O 10 de Junho é dia de festas e condecorações. Camões fica em segundo lugar porque nos dias que correm «outro(s) valor(es) mais alto se levanta(m)». Algumas figuras foram agraciadas com pompa e circunstância; não discutimos o mérito ou demérito das condecorações, o que lamentamos sinceramente é que volvidos tantos anos não houvesse tempo, nem lembrança ou disposição, verdade ou patriotismo capazes para condecorar, não os ideólogos, ou os idealistas da Revolução de 25 de Abril de 1974, mas a adesão espontânea e maciça das gentes de Lisboa.

N/D
16 Jun 2003

Gentes do povo que saíram à rua para avalizar o feito. Nas bermas dos passeios ou confraternizando em cima dos carros de combate, disseram sim sem nada esperarem em troca. Um pouco por toda a parte há um monumento ao Soldado Desconhecido, merecida homenagem àqueles que, sem nome nem patente ilustre, se bateram com bravura nas trincheiras da Primeira Grande Guerra.
Pois parece-nos que agora, com igual propósito, se deveria erguer na praça nobre de cada localidade de Portugal um monumento que perpetuasse aqueles que «não movidos de prémio vil» puseram o amor à liberdade em primeiro lugar.

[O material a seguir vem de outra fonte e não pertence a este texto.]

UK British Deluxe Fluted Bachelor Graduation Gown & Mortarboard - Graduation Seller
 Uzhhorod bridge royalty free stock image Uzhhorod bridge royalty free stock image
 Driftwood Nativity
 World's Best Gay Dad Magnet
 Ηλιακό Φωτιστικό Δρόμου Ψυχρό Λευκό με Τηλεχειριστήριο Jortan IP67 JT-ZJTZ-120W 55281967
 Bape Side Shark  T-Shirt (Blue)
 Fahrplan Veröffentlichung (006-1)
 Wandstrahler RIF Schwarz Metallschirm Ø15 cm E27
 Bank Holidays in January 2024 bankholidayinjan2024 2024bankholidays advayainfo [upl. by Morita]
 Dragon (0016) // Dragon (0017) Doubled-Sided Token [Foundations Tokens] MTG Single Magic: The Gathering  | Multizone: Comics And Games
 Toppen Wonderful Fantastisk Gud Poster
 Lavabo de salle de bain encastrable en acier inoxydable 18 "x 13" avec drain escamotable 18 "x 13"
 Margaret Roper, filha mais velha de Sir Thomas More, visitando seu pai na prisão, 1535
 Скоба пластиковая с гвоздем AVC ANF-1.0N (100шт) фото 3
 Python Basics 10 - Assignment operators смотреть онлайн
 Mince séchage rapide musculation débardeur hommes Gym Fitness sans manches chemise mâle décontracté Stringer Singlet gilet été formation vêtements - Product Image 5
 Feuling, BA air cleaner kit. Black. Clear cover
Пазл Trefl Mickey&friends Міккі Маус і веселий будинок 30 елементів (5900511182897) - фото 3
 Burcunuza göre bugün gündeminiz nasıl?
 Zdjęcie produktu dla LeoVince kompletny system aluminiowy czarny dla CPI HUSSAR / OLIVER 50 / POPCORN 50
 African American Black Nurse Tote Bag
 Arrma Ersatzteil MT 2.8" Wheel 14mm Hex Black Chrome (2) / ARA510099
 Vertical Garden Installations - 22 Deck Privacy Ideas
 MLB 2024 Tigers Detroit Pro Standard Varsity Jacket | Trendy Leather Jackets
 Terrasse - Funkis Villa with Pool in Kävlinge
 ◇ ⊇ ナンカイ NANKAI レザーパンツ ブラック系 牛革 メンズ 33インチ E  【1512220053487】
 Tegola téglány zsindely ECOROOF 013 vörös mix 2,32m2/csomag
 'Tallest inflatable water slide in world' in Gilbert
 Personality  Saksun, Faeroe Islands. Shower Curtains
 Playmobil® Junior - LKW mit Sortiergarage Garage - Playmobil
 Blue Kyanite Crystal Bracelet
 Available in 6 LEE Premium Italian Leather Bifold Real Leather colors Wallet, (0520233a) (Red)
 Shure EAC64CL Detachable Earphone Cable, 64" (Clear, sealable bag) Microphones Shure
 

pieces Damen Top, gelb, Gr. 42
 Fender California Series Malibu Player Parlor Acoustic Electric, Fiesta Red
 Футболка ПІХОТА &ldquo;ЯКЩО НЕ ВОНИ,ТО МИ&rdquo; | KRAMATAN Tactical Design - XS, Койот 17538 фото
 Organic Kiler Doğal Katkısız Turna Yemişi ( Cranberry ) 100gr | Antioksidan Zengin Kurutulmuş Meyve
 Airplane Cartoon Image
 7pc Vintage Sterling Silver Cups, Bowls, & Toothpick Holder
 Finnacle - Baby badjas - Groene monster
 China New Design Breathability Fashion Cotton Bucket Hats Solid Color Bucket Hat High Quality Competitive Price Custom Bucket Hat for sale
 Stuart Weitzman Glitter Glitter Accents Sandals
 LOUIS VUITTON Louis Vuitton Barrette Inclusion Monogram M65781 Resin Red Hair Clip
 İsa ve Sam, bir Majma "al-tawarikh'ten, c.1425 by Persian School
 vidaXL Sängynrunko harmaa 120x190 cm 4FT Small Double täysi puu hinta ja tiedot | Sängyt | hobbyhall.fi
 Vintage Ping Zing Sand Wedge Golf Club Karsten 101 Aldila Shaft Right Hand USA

Mas sobre essa gente de Lisboa, que em explosão de anuência deu corpo e alma à revolta dos Capitães de Abril, vai caindo o som cavo e espesso do esquecimento. É o pó da ingratidão. Por toda a parte os portugueses aderiram ao movimento, mas nada que fosse tão significativo, nem tão rápido ou tão espontâneo como fizeram as gentes de Lisboa. Sem essa adesão popular talvez a revolução não passasse de um feito militar que bem poderia ter ficado por uma vitória sem significado social.

Por este facto é que se diz, e bem, que a Revolução dos Cravos tem uma paternidade alargada porque toda ela se mistura na pertença dos que a realizaram e na dos que de pronto a adoptaram.

Devemos, assim, a esta gente uma consagração em monumento que diga aos vindouros que o 25 de Abril teve no povo um eco e um consentimento sem reservas. Não têm que ter ciúmes os bravos Capitães de Abril, porque desses se encarregará a história de os exaltar e relembrar. Já estão nos manuais escolares. Arreceamo-nos que a alma dessa adesão popular, na expressão da sua efervescência e na força pura das suas razões profundamente sociais, vá esquecendo diluída pela corrosão dos tempos.

Este sentimento não está nos manuais escolares. Quantos foram? Ninguém os saberá contar ou distinguir. São rostos da multidão que, na vala comum do anonimato, deram a sua presença por uma causa. Quando tudo estava ganho e consolidado não faltaram os “revolucionários de longa data”. Mas o povo aderiu quando a incerteza era uma certeza. São soldados desconhecidos duma causa que só não pariu uma guerra porque deu à luz um cravo.

Por isso, em dia de condecorações, quão gratificante seria vermos o sr. Presidente da República ir colocar ao Monumento à Gente Desconhecida da Revolução dos Cravos uma coroa de flores, com estes dois versos dos Lusíadas, na peanha: «E aqueles que por obras valerosas / Se vão da lei da morte libertando».

Camões, perdoa-me este jeito vesgo de te lembrar. Aceita-a como uma humilde gratidão, neste dia que era só teu. Esta é a medalha que tem faltado e de todas a mais apetecida pelos portugueses que olham o 10 de Junho sem grande apreço.